History
- Name: SS Great Yarmouth
- Operator: 1866–1873: Great Eastern Railway
- Port of registry: United Kingdom
- Builder: Thames Graving Dock Company
- Launched: 1866
- Out of service: 1887
- Fate: Wrecked

General characteristics
- Tonnage: 731 gross register tons (GRT)
- Length: 199.9 feet (60.9 m)
- Beam: 28.4 feet (8.7 m)
- Depth: 17 feet (5.2 m)
- Installed power: 100 hp
- Speed: 10.5 knots

= SS Great Yarmouth =

SS Great Yarmouth was a freight vessel built for the Great Eastern Railway in 1866.

==History==

The ship was built by the Thames Graving Dock Company in London in 1866. She was placed on the Harwich to Antwerp cargo service. She was the first screw steamer in the Great Eastern Railway Company fleet. The hold was built with a double lining, which could hold 100 tons of water, and had a powerful steam pump independent of the main engines connected to clear it. On each side were bunkers capable of storing 100 tons of coal.

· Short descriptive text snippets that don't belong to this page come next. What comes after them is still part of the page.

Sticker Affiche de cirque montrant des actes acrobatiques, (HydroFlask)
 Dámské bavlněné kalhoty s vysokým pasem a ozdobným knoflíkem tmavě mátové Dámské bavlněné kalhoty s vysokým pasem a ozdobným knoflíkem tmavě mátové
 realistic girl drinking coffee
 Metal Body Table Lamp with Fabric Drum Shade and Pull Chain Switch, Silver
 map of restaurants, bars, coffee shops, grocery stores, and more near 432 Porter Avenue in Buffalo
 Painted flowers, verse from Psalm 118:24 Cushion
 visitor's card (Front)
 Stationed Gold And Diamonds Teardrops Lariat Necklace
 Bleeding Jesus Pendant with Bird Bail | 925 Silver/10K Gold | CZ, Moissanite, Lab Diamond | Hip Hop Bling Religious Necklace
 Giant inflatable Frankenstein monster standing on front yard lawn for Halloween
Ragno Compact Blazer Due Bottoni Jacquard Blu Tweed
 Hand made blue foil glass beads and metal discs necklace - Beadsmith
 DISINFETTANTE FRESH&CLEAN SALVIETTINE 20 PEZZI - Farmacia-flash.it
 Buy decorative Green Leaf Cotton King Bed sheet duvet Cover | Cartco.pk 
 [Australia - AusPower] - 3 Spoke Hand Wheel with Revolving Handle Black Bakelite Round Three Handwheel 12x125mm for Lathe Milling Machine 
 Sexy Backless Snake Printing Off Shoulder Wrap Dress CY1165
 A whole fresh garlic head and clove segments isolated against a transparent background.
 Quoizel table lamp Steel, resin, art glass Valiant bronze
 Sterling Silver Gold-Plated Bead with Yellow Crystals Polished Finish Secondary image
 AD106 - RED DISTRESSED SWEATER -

On 28 December 1868, she came to the rescue of the steamship Berussia which had broken her main shaft on a voyage from New York to Hamburg. An attempt to tow the Berussia failed and the Great Yarmouth took some of the passengers and transferred them to Portland.

She was sold to in 1873 to Thomas Gage Beatley and later ended up in the ownership of Mr Joseph Reay of Newcastle.

She was stranded at Skutskär in Åland in 1887, and a strong sea later destroyed the vessel.